## Task goal
Every line from the top of the records through the line containing "Kia Stonic view 6" should be retyped exactly; the pictures should not.

## Dataset
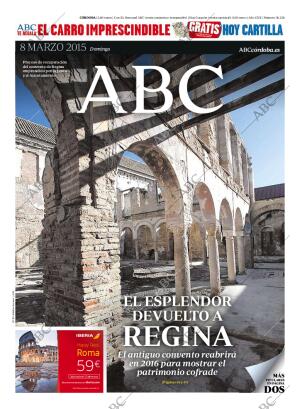 ABC CORDOBA 08-03-2015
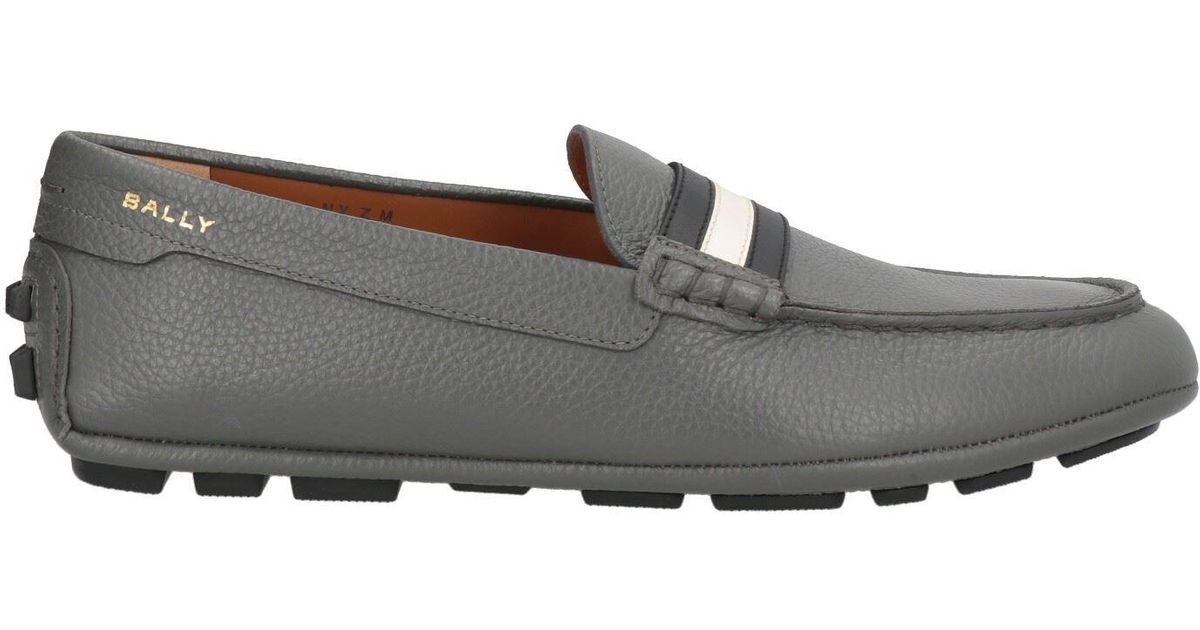 Bally gray Men\'s Loafers Bally Women main image 2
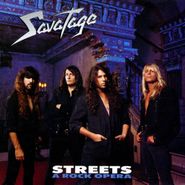 Savatage, Streets: A Rock Opera (CD)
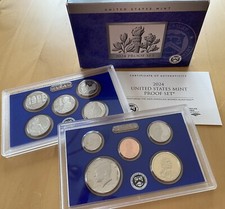 USA: United States Mint Proof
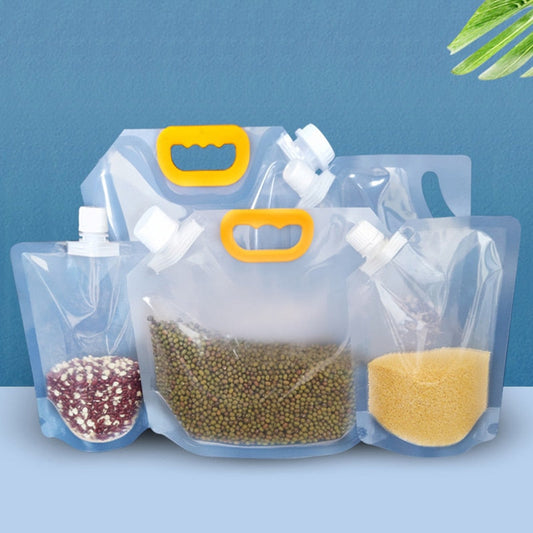 Moisture Proof Sealed Bag Kit for Grains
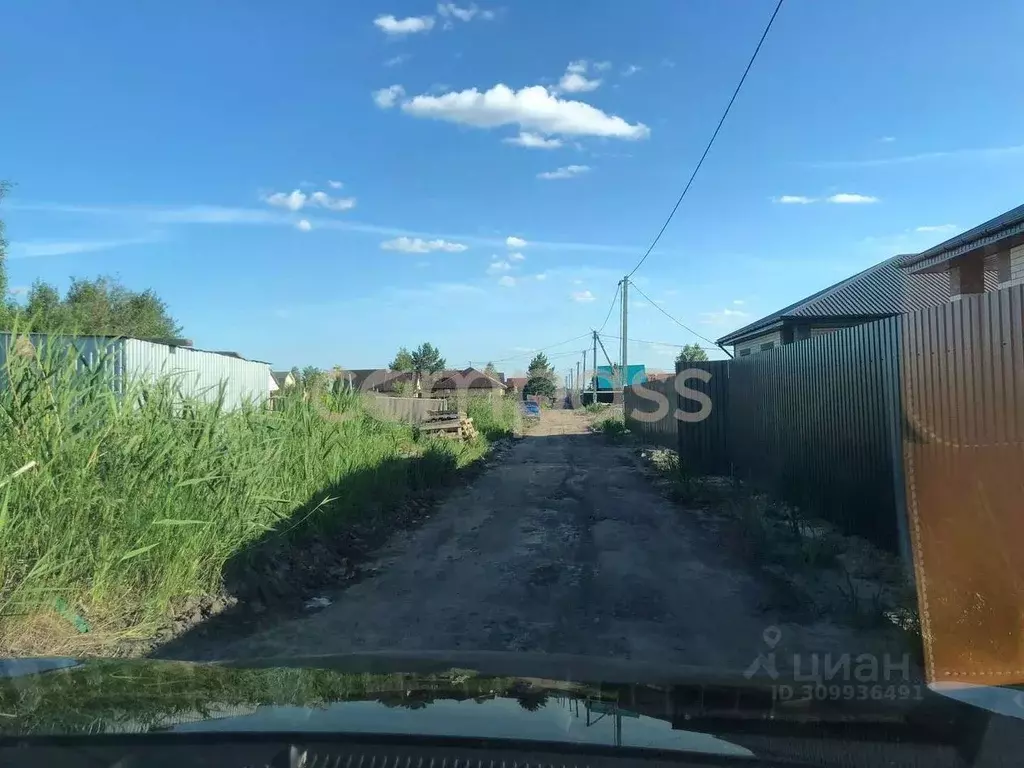 Участок в Тюменская область, Тюмень Россиянка садовое товарищество, ... - Фото 1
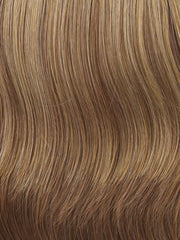 G29+ CAYENNE MIST | Medium ginger brown base w/ golden blonde highlights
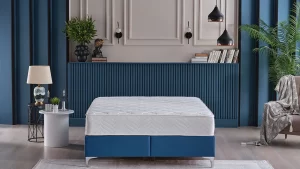 Alternative view of No Stress patja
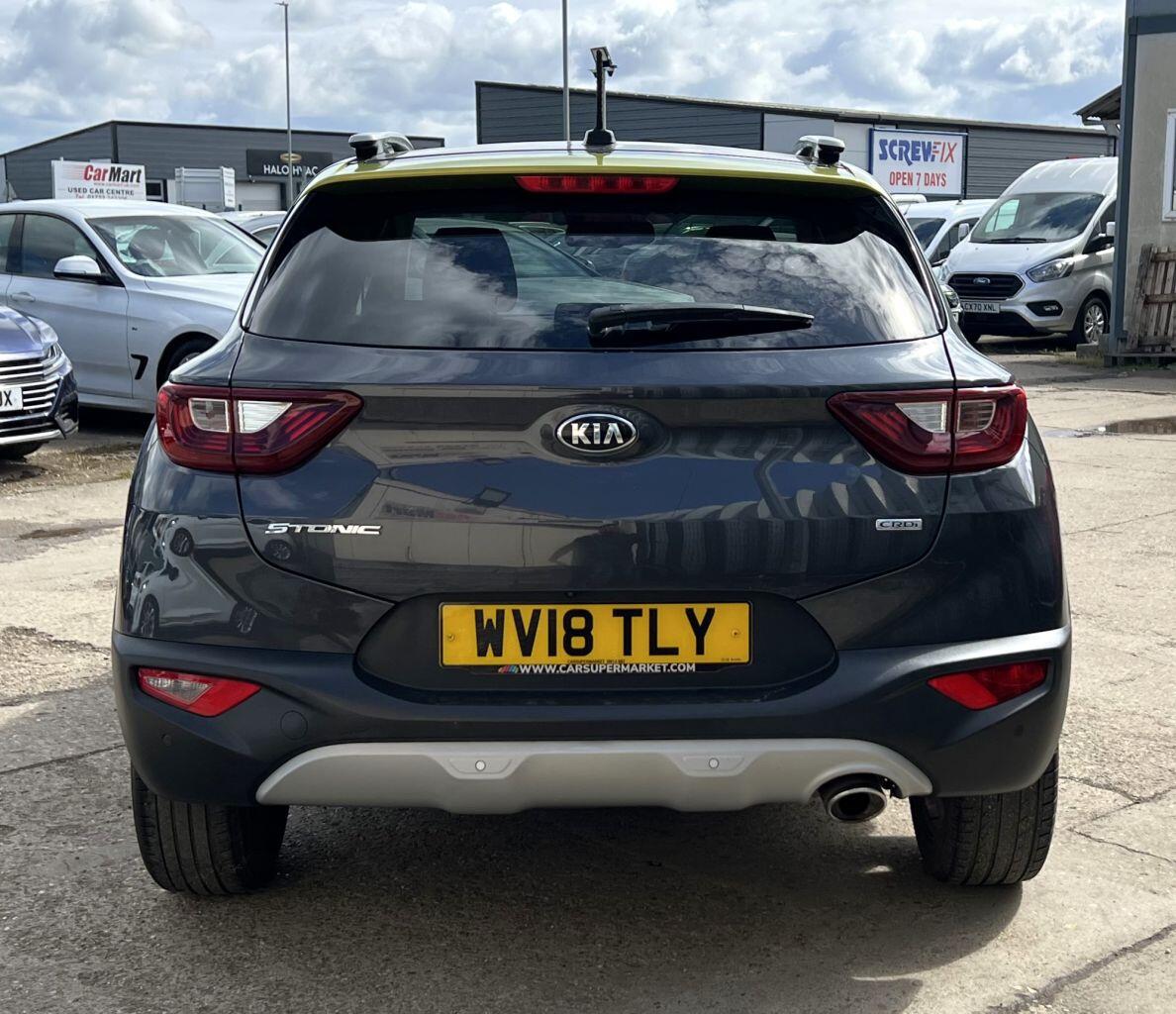Kia Stonic view 6
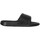 Schoenen Heren slippers Lacoste Serveer hybride 1232 CMA-schuifregelaars Zwart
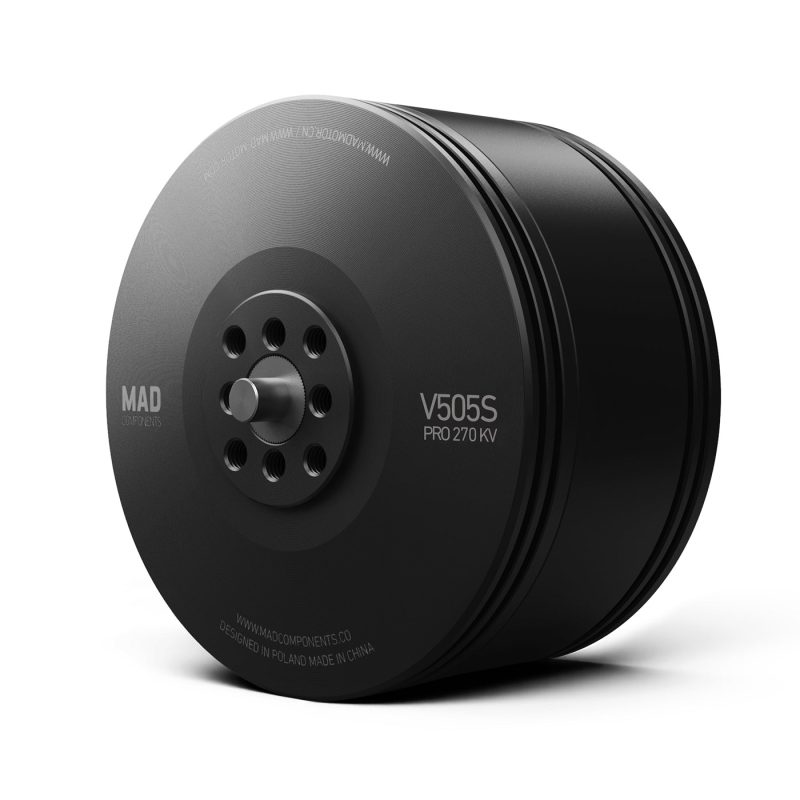 MAD V505S PRO IPE V3.0 Feathering eVTOL Drone Motor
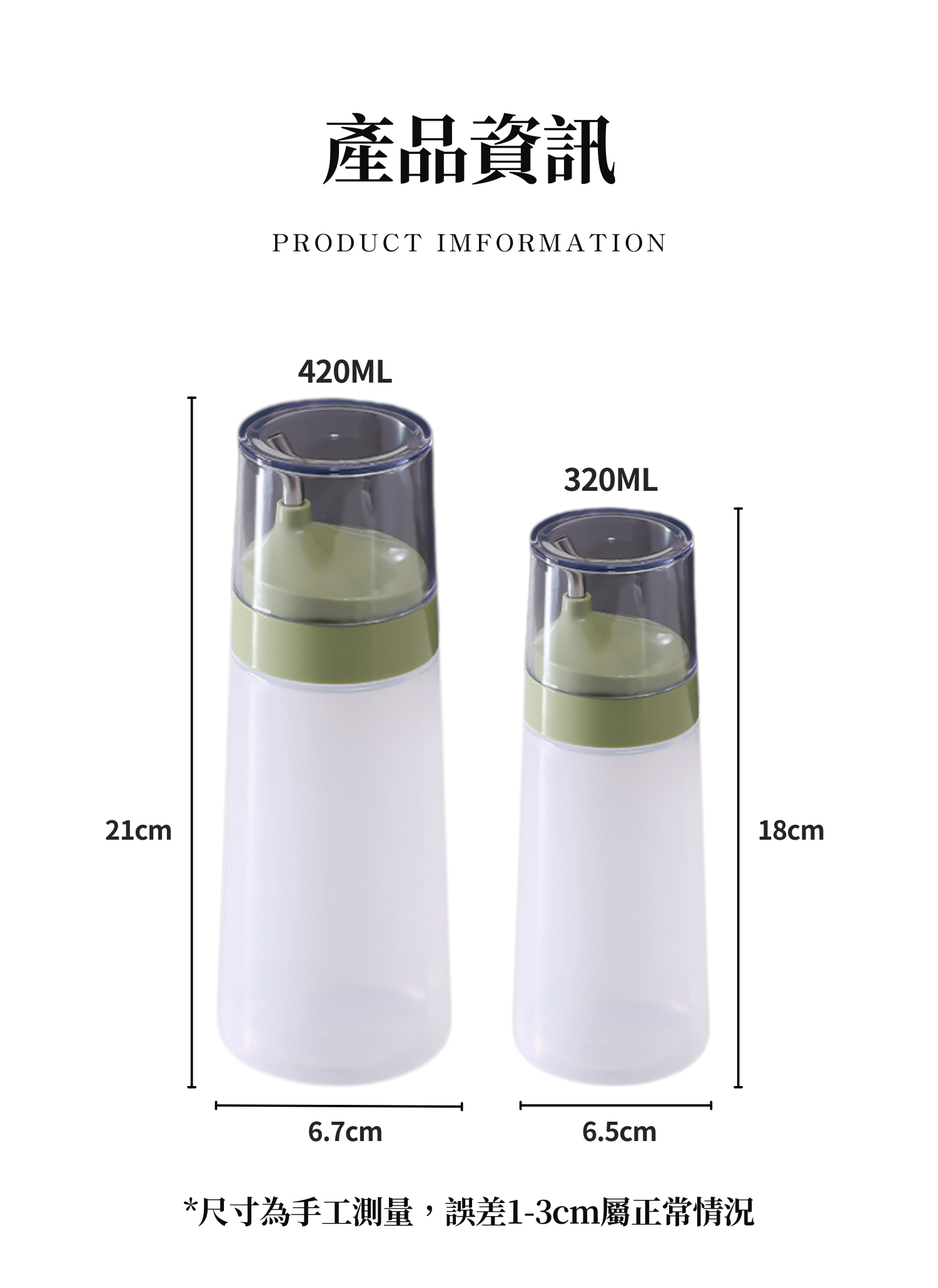 【客製禮贈品】擠壓式調味料分裝瓶,實際價格以報價為主,U60520004,【客製禮贈品】擠壓式調味料分裝瓶,商品規格,客製禮贈品專區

## Written solution
 ABC CORDOBA 08-03-2015
 Bally gray Men\'s Loafers Bally Women main image 2
 Savatage, Streets: A Rock Opera (CD)
 USA: United States Mint Proof
 Moisture Proof Sealed Bag Kit for Grains
 Участок в Тюменская область, Тюмень Россиянка садовое товарищество, ... - Фото 1
 G29+ CAYENNE MIST | Medium ginger brown base w/ golden blonde highlights
 Alternative view of No Stress patja
Kia Stonic view 6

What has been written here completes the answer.